A reader of The Paper of Montgomery County has asked me to re-run my article on vein problems in the legs.

To understand how venous problems develop, I have to provide a brief anatomy and physiology lesson. Fresh blood that contains oxygen and nutrients is pumped from the heart to the legs via arteries. The blood then moves across very tiny vessels called capillaries - this is where the oxygen and nutrients move out of the blood into the surrounding tissues. Waste products and carbon dioxide then move from the tissues into the capillaries and then into veins for the trip up to the lungs, liver and kidneys where the waste products are removed from the body.

Venous blood would have a hard time moving upward against gravity toward the heart were it not for two nifty mechanisms. The first is the contractions of the muscles in the legs that push the blood upward like squeezing toothpaste out of a tube. The second is the one-way valves that prevent the blood from moving back toward the feet.

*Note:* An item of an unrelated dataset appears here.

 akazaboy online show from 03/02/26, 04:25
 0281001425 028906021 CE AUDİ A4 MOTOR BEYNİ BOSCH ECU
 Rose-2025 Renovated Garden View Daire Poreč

When you understand how the anatomy and physiology of venous blood flow works, it makes it easier to understand how things can go awry. Gravity is the major obstacle to overcome. People who stand all day long are constantly battling the force of gravity - it is constantly trying to pull blood back toward the feet. This is why our feet tend to enlarge as the day progresses. Obese individuals suffer even more problems since the force of the extra weight on the blood in their veins is added to that of gravity.

People who are inactive also tend to have more problems with their leg veins. Since they are not walking around, they don't receive the benefit of muscular contractions to squeeze the blood upward.

The constant effect of gravity on the veins causes them to get larger as we age. When this occurs, the valves in the veins become incompetent and leak (see diagram). This results in more blood pooling in the leg veins causing more dilation and more leaking - a vicious cycle leading to unsightly varicose veins.

When blood pools in the legs (venous stasis), it can't move upward to have the waste products removed and the leg tissues (especially the skin) become unhealthy and start to break down. This can lead to rashes and itching called "stasis dermatitis," as well as ulcer formation and infections that can sometimes be very serious.

Treatment of venous stasis can be extremely difficult depending on the stage a person is when he or she presents to the doctor. Sometimes the dilated veins can be surgically removed or closed off with injections.

People who have developed rashes and ulcers may need to have medicated dressings applied as well as compression hose and elevate their legs above the level of their hearts to use gravity to help get the venous blood out of the legs. Response to treatment can take a long time. Serious infections may require antibiotics and surgery. Diuretics (water pills) are not very effective at treating the root cause.

The best way to treat venous stasis is to prevent it in the first place. People who spend a lot of time on their feet (or take long trips in planes, trains or automobiles) should walk frequently or do calf pumps or raises to help pump the blood out of the legs. They should also consider elevating the legs above the level of their chest on their breaks and after work. If they can't walk, they should consider wearing compression stockings that make it harder for gravity to dilate the veins.

Obese people with venous stasis must work on weight loss in addition to the prevention strategies above. I would be remiss if I did not mention that smoking also greatly increases the risk for developing vein deterioration. It also causes much more rapid tissue deterioration due to the numerous toxins such as carbon monoxide that can't escape the leg tissues as well as reduction in oxygen delivery to the tissues.